Records shown:
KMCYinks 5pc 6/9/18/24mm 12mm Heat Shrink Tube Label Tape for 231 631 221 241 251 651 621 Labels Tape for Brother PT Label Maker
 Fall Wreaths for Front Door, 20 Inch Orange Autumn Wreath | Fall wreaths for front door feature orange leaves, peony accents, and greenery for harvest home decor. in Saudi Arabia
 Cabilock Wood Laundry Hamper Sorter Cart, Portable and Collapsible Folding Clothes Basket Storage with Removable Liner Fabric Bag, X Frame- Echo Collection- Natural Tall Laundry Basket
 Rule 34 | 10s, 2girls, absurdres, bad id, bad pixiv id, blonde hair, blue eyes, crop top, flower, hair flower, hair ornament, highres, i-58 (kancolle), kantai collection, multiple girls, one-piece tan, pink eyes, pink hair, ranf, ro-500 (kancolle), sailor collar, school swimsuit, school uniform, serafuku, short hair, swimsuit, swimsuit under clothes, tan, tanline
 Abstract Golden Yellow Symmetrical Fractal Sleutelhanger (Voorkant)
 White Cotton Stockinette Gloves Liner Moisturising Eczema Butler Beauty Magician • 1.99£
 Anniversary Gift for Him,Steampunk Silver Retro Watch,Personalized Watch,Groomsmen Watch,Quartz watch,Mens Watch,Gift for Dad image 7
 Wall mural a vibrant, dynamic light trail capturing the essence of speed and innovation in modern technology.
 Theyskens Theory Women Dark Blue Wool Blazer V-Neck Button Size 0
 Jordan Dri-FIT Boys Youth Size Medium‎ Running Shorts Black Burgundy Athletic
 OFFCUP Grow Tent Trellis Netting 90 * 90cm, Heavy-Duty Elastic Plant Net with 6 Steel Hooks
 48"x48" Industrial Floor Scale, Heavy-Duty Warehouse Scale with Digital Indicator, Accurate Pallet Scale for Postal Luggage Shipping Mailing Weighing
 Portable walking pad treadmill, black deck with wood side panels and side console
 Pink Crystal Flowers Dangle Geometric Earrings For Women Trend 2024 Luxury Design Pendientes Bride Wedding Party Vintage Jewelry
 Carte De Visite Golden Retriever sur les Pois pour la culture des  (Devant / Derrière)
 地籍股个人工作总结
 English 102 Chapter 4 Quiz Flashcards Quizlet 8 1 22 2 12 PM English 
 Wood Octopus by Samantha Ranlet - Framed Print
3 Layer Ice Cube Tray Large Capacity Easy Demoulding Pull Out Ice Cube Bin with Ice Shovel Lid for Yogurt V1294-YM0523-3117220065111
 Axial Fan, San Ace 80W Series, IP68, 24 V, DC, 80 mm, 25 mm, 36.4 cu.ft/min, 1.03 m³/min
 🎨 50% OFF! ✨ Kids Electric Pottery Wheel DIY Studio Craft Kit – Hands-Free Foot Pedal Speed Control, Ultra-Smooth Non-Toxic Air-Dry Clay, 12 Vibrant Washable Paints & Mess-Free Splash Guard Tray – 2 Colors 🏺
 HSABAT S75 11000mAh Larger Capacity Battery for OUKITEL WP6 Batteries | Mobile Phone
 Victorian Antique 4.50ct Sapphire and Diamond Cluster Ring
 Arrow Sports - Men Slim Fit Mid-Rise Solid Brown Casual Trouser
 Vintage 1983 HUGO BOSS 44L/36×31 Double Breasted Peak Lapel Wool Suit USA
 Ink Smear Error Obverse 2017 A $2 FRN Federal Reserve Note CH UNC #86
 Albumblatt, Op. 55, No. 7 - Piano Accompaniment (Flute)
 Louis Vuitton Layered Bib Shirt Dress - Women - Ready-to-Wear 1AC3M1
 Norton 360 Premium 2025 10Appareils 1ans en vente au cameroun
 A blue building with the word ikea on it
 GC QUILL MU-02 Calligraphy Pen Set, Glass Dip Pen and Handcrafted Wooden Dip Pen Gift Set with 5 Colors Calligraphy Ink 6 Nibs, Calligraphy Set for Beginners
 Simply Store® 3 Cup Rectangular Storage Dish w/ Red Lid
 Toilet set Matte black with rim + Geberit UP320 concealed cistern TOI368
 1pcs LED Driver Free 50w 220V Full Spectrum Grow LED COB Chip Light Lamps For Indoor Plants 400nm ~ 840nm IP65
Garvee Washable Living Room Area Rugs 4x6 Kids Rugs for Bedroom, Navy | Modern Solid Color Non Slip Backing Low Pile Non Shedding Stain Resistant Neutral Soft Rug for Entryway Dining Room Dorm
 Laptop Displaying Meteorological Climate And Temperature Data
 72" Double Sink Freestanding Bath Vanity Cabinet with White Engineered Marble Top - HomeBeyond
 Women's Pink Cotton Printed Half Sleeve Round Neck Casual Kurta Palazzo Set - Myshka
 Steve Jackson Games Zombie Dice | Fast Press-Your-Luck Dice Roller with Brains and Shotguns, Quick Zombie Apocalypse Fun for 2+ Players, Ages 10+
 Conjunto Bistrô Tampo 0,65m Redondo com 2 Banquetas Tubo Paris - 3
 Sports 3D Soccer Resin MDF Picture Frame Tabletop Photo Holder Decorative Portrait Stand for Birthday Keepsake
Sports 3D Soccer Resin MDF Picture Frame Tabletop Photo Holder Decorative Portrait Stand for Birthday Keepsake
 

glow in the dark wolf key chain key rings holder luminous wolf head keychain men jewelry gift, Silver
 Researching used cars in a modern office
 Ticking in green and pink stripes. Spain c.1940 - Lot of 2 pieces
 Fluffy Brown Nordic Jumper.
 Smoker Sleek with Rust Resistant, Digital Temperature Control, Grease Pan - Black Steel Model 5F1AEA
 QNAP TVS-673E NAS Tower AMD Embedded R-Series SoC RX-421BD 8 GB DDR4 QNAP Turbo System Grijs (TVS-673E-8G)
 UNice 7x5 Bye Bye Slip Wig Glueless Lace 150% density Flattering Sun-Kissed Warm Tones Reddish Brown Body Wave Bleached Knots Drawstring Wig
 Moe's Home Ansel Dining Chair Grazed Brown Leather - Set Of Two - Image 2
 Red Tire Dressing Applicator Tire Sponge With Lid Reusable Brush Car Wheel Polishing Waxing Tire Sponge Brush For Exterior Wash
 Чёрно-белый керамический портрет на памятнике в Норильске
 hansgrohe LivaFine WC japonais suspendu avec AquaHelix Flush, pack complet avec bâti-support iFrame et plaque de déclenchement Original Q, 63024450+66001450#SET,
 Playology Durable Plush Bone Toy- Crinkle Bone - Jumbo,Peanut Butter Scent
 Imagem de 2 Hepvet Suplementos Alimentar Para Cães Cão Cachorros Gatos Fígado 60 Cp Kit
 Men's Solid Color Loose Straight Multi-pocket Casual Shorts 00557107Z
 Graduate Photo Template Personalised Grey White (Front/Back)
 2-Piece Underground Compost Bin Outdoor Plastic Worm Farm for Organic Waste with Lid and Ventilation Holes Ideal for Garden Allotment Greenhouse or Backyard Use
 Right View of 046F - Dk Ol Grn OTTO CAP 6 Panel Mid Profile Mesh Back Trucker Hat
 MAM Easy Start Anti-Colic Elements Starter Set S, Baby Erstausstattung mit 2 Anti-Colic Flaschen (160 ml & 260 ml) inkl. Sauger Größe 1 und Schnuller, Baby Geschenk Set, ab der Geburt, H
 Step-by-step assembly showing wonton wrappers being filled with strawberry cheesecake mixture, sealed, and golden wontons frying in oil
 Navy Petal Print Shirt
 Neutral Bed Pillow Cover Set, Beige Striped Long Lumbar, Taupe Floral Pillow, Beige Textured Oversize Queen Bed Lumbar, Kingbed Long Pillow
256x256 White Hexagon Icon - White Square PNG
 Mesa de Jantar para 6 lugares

Task requirements: Everything in the material above needs to be transcribed exactly.

Reply to the task:
KMCYinks 5pc 6/9/18/24mm 12mm Heat Shrink Tube Label Tape for 231 631 221 241 251 651 621 Labels Tape for Brother PT Label Maker
 Fall Wreaths for Front Door, 20 Inch Orange Autumn Wreath | Fall wreaths for front door feature orange leaves, peony accents, and greenery for harvest home decor. in Saudi Arabia
 Cabilock Wood Laundry Hamper Sorter Cart, Portable and Collapsible Folding Clothes Basket Storage with Removable Liner Fabric Bag, X Frame- Echo Collection- Natural Tall Laundry Basket
 Rule 34 | 10s, 2girls, absurdres, bad id, bad pixiv id, blonde hair, blue eyes, crop top, flower, hair flower, hair ornament, highres, i-58 (kancolle), kantai collection, multiple girls, one-piece tan, pink eyes, pink hair, ranf, ro-500 (kancolle), sailor collar, school swimsuit, school uniform, serafuku, short hair, swimsuit, swimsuit under clothes, tan, tanline
 Abstract Golden Yellow Symmetrical Fractal Sleutelhanger (Voorkant)
 White Cotton Stockinette Gloves Liner Moisturising Eczema Butler Beauty Magician • 1.99£
 Anniversary Gift for Him,Steampunk Silver Retro Watch,Personalized Watch,Groomsmen Watch,Quartz watch,Mens Watch,Gift for Dad image 7
 Wall mural a vibrant, dynamic light trail capturing the essence of speed and innovation in modern technology.
 Theyskens Theory Women Dark Blue Wool Blazer V-Neck Button Size 0
 Jordan Dri-FIT Boys Youth Size Medium‎ Running Shorts Black Burgundy Athletic
 OFFCUP Grow Tent Trellis Netting 90 * 90cm, Heavy-Duty Elastic Plant Net with 6 Steel Hooks
 48"x48" Industrial Floor Scale, Heavy-Duty Warehouse Scale with Digital Indicator, Accurate Pallet Scale for Postal Luggage Shipping Mailing Weighing
 Portable walking pad treadmill, black deck with wood side panels and side console
 Pink Crystal Flowers Dangle Geometric Earrings For Women Trend 2024 Luxury Design Pendientes Bride Wedding Party Vintage Jewelry
 Carte De Visite Golden Retriever sur les Pois pour la culture des  (Devant / Derrière)
 地籍股个人工作总结
 English 102 Chapter 4 Quiz Flashcards Quizlet 8 1 22 2 12 PM English 
 Wood Octopus by Samantha Ranlet - Framed Print
3 Layer Ice Cube Tray Large Capacity Easy Demoulding Pull Out Ice Cube Bin with Ice Shovel Lid for Yogurt V1294-YM0523-3117220065111
 Axial Fan, San Ace 80W Series, IP68, 24 V, DC, 80 mm, 25 mm, 36.4 cu.ft/min, 1.03 m³/min
 🎨 50% OFF! ✨ Kids Electric Pottery Wheel DIY Studio Craft Kit – Hands-Free Foot Pedal Speed Control, Ultra-Smooth Non-Toxic Air-Dry Clay, 12 Vibrant Washable Paints & Mess-Free Splash Guard Tray – 2 Colors 🏺
 HSABAT S75 11000mAh Larger Capacity Battery for OUKITEL WP6 Batteries | Mobile Phone
 Victorian Antique 4.50ct Sapphire and Diamond Cluster Ring
 Arrow Sports - Men Slim Fit Mid-Rise Solid Brown Casual Trouser
 Vintage 1983 HUGO BOSS 44L/36×31 Double Breasted Peak Lapel Wool Suit USA
 Ink Smear Error Obverse 2017 A $2 FRN Federal Reserve Note CH UNC #86
 Albumblatt, Op. 55, No. 7 - Piano Accompaniment (Flute)
 Louis Vuitton Layered Bib Shirt Dress - Women - Ready-to-Wear 1AC3M1
 Norton 360 Premium 2025 10Appareils 1ans en vente au cameroun
 A blue building with the word ikea on it
 GC QUILL MU-02 Calligraphy Pen Set, Glass Dip Pen and Handcrafted Wooden Dip Pen Gift Set with 5 Colors Calligraphy Ink 6 Nibs, Calligraphy Set for Beginners
 Simply Store® 3 Cup Rectangular Storage Dish w/ Red Lid
 Toilet set Matte black with rim + Geberit UP320 concealed cistern TOI368
 1pcs LED Driver Free 50w 220V Full Spectrum Grow LED COB Chip Light Lamps For Indoor Plants 400nm ~ 840nm IP65
Garvee Washable Living Room Area Rugs 4x6 Kids Rugs for Bedroom, Navy | Modern Solid Color Non Slip Backing Low Pile Non Shedding Stain Resistant Neutral Soft Rug for Entryway Dining Room Dorm
 Laptop Displaying Meteorological Climate And Temperature Data
 72" Double Sink Freestanding Bath Vanity Cabinet with White Engineered Marble Top - HomeBeyond
 Women's Pink Cotton Printed Half Sleeve Round Neck Casual Kurta Palazzo Set - Myshka
 Steve Jackson Games Zombie Dice | Fast Press-Your-Luck Dice Roller with Brains and Shotguns, Quick Zombie Apocalypse Fun for 2+ Players, Ages 10+
 Conjunto Bistrô Tampo 0,65m Redondo com 2 Banquetas Tubo Paris - 3
 Sports 3D Soccer Resin MDF Picture Frame Tabletop Photo Holder Decorative Portrait Stand for Birthday Keepsake
Sports 3D Soccer Resin MDF Picture Frame Tabletop Photo Holder Decorative Portrait Stand for Birthday Keepsake
 

glow in the dark wolf key chain key rings holder luminous wolf head keychain men jewelry gift, Silver
 Researching used cars in a modern office
 Ticking in green and pink stripes. Spain c.1940 - Lot of 2 pieces
 Fluffy Brown Nordic Jumper.
 Smoker Sleek with Rust Resistant, Digital Temperature Control, Grease Pan - Black Steel Model 5F1AEA
 QNAP TVS-673E NAS Tower AMD Embedded R-Series SoC RX-421BD 8 GB DDR4 QNAP Turbo System Grijs (TVS-673E-8G)
 UNice 7x5 Bye Bye Slip Wig Glueless Lace 150% density Flattering Sun-Kissed Warm Tones Reddish Brown Body Wave Bleached Knots Drawstring Wig
 Moe's Home Ansel Dining Chair Grazed Brown Leather - Set Of Two - Image 2
 Red Tire Dressing Applicator Tire Sponge With Lid Reusable Brush Car Wheel Polishing Waxing Tire Sponge Brush For Exterior Wash
 Чёрно-белый керамический портрет на памятнике в Норильске
 hansgrohe LivaFine WC japonais suspendu avec AquaHelix Flush, pack complet avec bâti-support iFrame et plaque de déclenchement Original Q, 63024450+66001450#SET,
 Playology Durable Plush Bone Toy- Crinkle Bone - Jumbo,Peanut Butter Scent
 Imagem de 2 Hepvet Suplementos Alimentar Para Cães Cão Cachorros Gatos Fígado 60 Cp Kit
 Men's Solid Color Loose Straight Multi-pocket Casual Shorts 00557107Z
 Graduate Photo Template Personalised Grey White (Front/Back)
 2-Piece Underground Compost Bin Outdoor Plastic Worm Farm for Organic Waste with Lid and Ventilation Holes Ideal for Garden Allotment Greenhouse or Backyard Use
 Right View of 046F - Dk Ol Grn OTTO CAP 6 Panel Mid Profile Mesh Back Trucker Hat
 MAM Easy Start Anti-Colic Elements Starter Set S, Baby Erstausstattung mit 2 Anti-Colic Flaschen (160 ml & 260 ml) inkl. Sauger Größe 1 und Schnuller, Baby Geschenk Set, ab der Geburt, H
 Step-by-step assembly showing wonton wrappers being filled with strawberry cheesecake mixture, sealed, and golden wontons frying in oil
 Navy Petal Print Shirt
 Neutral Bed Pillow Cover Set, Beige Striped Long Lumbar, Taupe Floral Pillow, Beige Textured Oversize Queen Bed Lumbar, Kingbed Long Pillow
256x256 White Hexagon Icon - White Square PNG
 Mesa de Jantar para 6 lugares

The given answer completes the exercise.